A long-delayed and controversial project to build a bridge across the Messina Straits to connect Sicily to mainland Italy will initiate in two years' time, Transport and Infrastructure Minister Matteo Salvini said Thursday after recently reviving the scheme long pushed by his ally, former premier Silvio Berlusconi.
Environmentalists and analysts have said the bridge is impractical and dangerous, given the seismic nature of the proposed building sites in Calabria and Sicily.
Other are opposed to its huge potential cost.
Salvini is now seeking funding from the EU to realise the project, and he is reviving the Messina Strait Company that was set up to oversee the scheme.
He said it would take over five years for the bridge to be completed.
The planned 8.5-billion-euro suspension bridge, one of the world's longest, was the brainchild of ex-premier Berlusconi when he was in power from 1994 to 1995, 2001 to 2006, and 2008 to 2011, especially during the latter stages of his administration.

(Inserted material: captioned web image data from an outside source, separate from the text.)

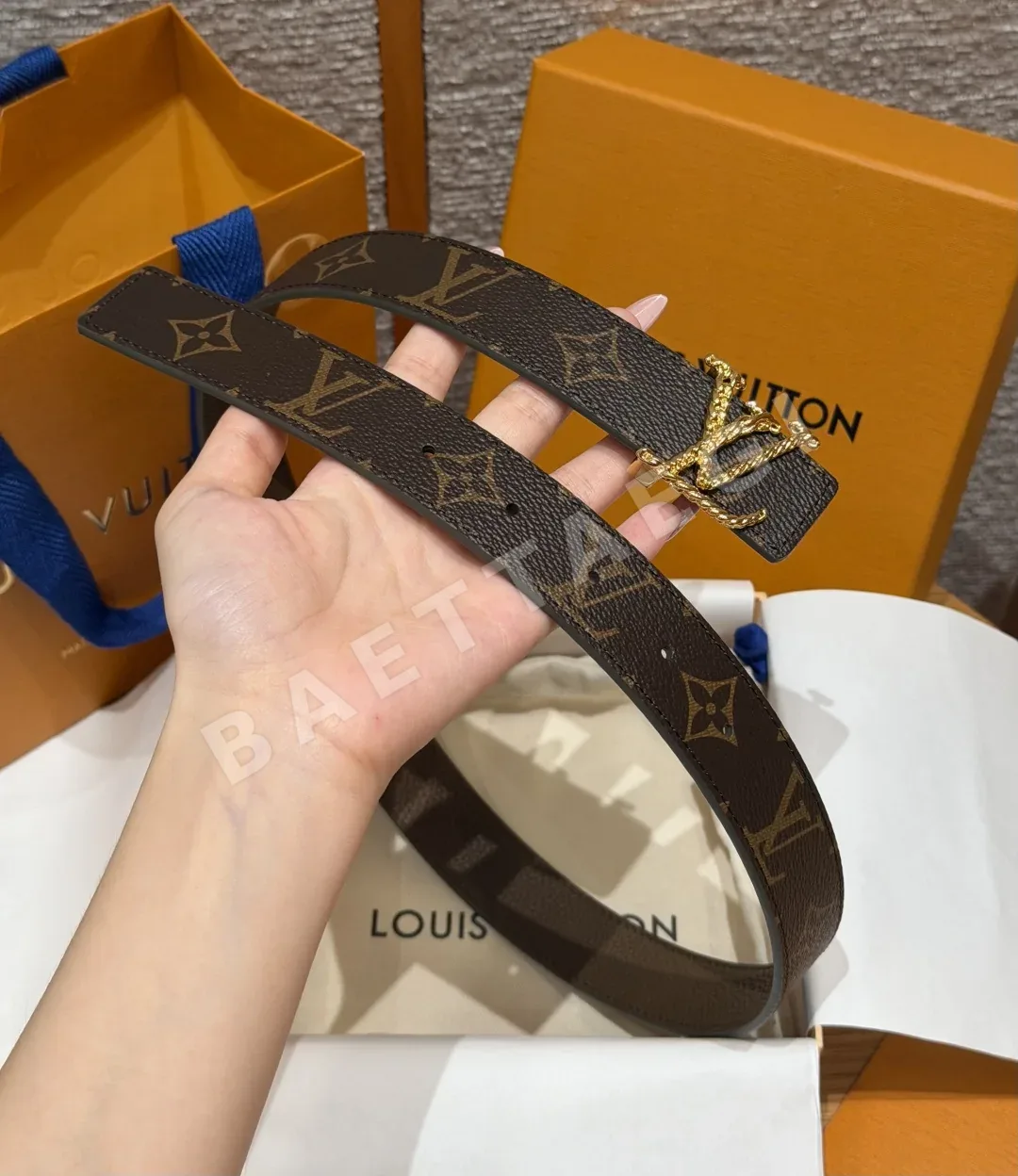 루이비통 이니셜 모노그램 리버시블 벨트 상세 이미지 6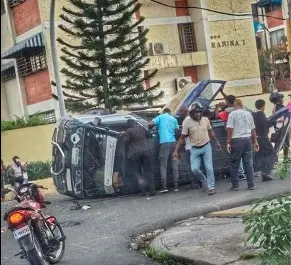 Se accidenta vehículo en la avenida Gustavo Mejía Ricart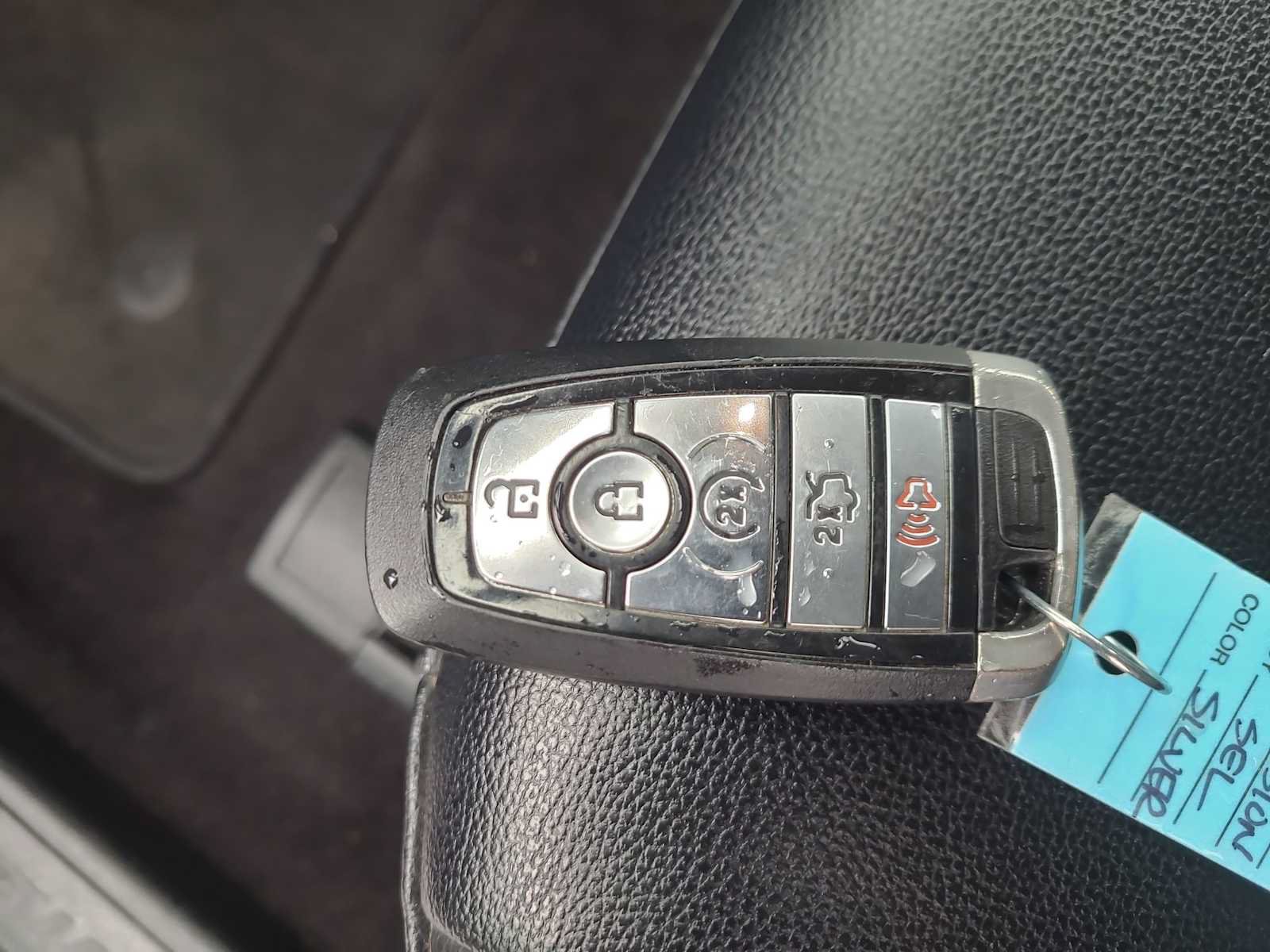 Used 2020 Ford Fusion SEL FWD image 28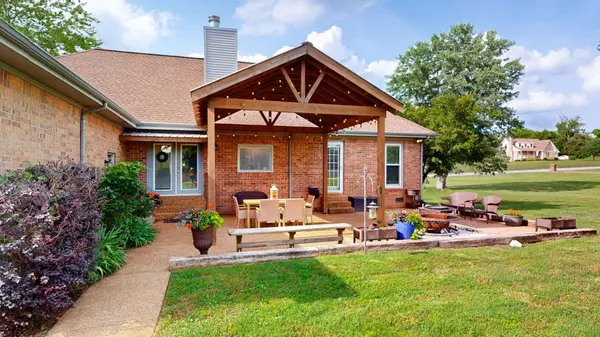 716 E Meadows Dr, Mount Juliet, TN 37122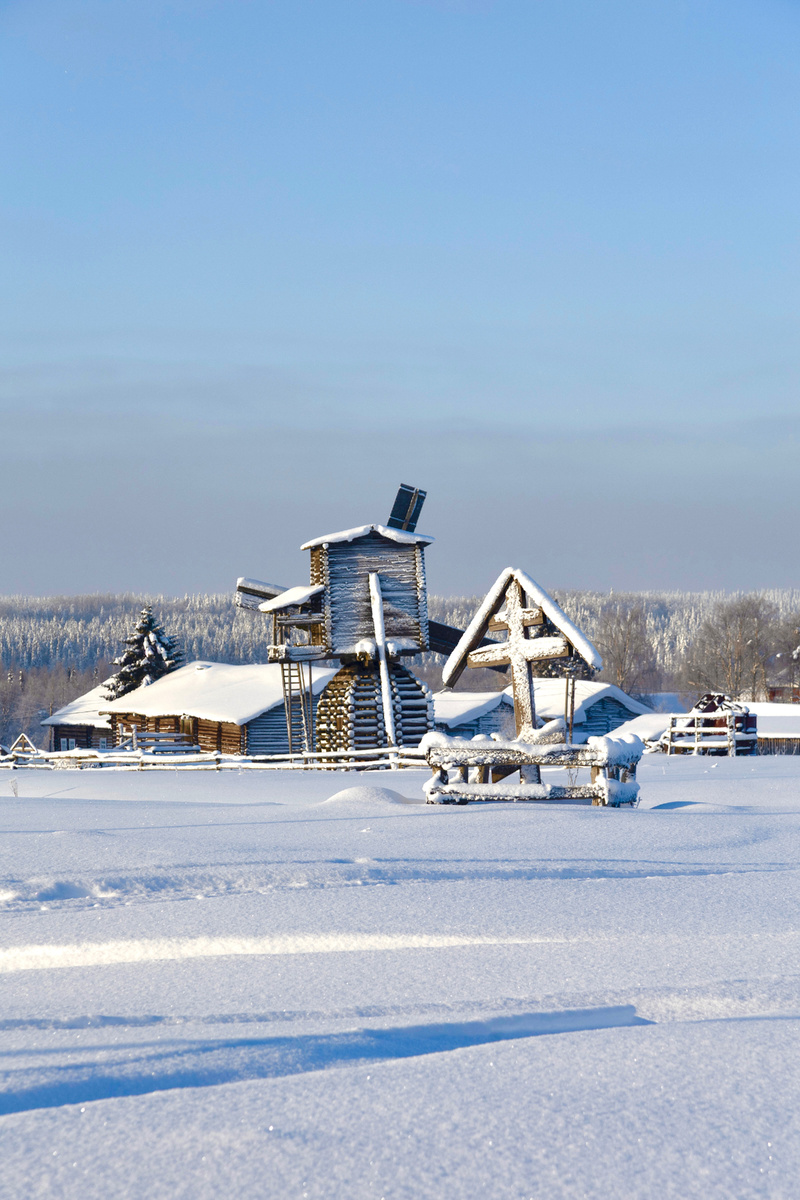 Одна из двух сохранившихся мельниц-столбовок и поклонный крест.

Supporters hail the bridge as a huge job-creation scheme that would give Italy's image a major boost, while bringing Sicily closer to the mainland in physical, psychological and social terms.
But it has been opposed by environmentalists and dogged by concerns over its safety and fears of potential Mafia involvement.
The 3,690-metre-long bridge has been designed to be able to handle 4,500 cars an hour and 200 trains a day and would replace slow ferry services between the island and the mainland.